Originally, administrators came to the board asking for a part-time instructor, but during the meeting it became clear that a full-time teacher was necessary to accommodate student need.
Warren County High School Principal Ernestine Jordan explained that the number of students requesting Spanish classes far exceeded staff resources. Currently, 384 students are asking to take Spanish I-IV, which created an overflow of several classes for the two teachers.
In past years, Jordan said staff was able to convince and "beg" students to take a different language.
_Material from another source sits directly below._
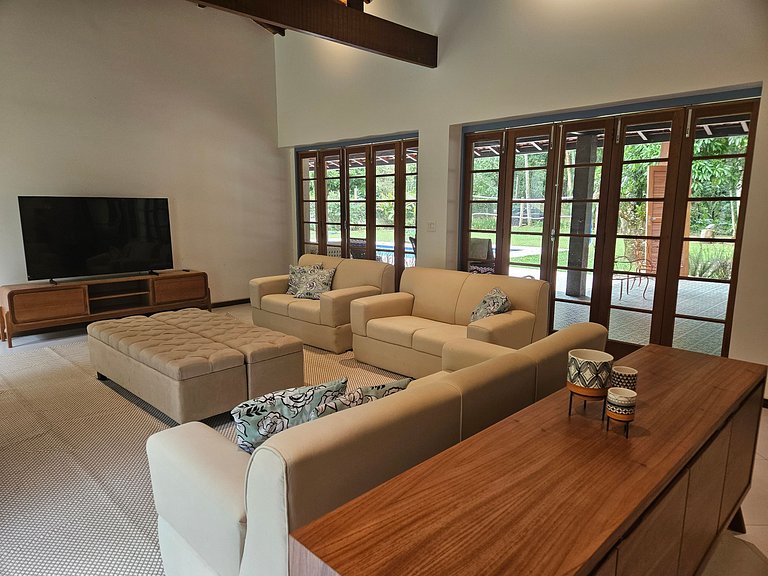 Casa Vista da Pedra, no coração de Araras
While that helped, this year's numbers would not allow the school to use such a strategy.
"Classes have been packed since being in our building, and we're just trying to make due," Jordan told the school board during the meeting.
In scheduling students' classes, priority is given to those closest to graduation, but that method made it impossible to schedule rising eighth graders for Spanish I, she said.
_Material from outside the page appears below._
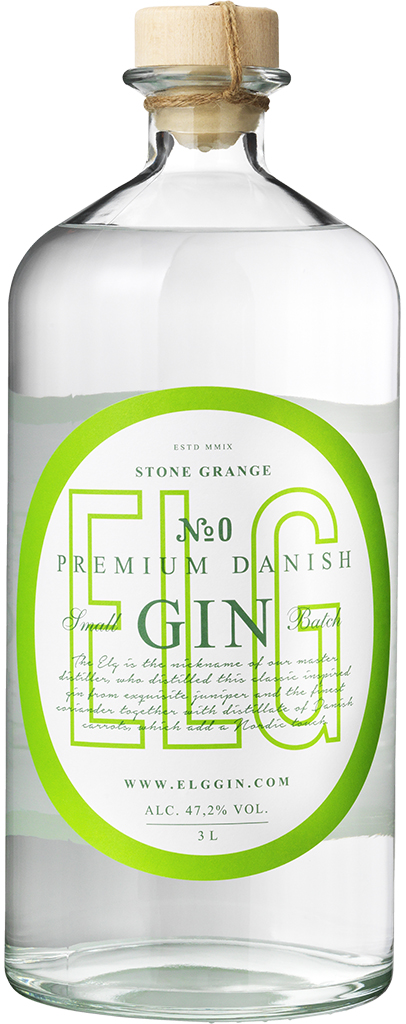 Elg Gin - No. 0 - 3 Liter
An alternative to the added position would be eliminating higher level Spanish courses, even though some are required for an Advanced Studies Diploma, according to the explanation for the request.
Board member Joanne Cherefko pointed out that more competitive colleges want to see additional years of a language. Jordan agreed, and said a full-time teacher could help support students in Spanish IV and V.
"I thought we needed a full-time teacher from the beginning," Cherefko said during the meeting. Superintendent Pam McInnis said transitional funds were available for the full-time position, and the board unanimously voted to approve that request, to which Jordan replied, "Gracias!"
Requests for foreign languages have grown by 37 percent at Warren County High School, as 180 students asked to participate in 2010, but 247 requested a spot for the 2012-2013 academic year.
With two teachers, the class sizes for Spanish were almost all close to 30 students, but with an additional teacher, the number per class will be in the low 20s, according to scenario predictions presented by the school.
"It's just difficult to give any type of support to individual students when the classes are so large," Jordan said.
The school also predicted that pressure would be taken off other languages that are nearing capacity since some students who were transferred to French or Latin will be able to take Spanish.
The new Spanish teacher has already been hired and will be included in the personnel report at the school board's meeting this Thursday.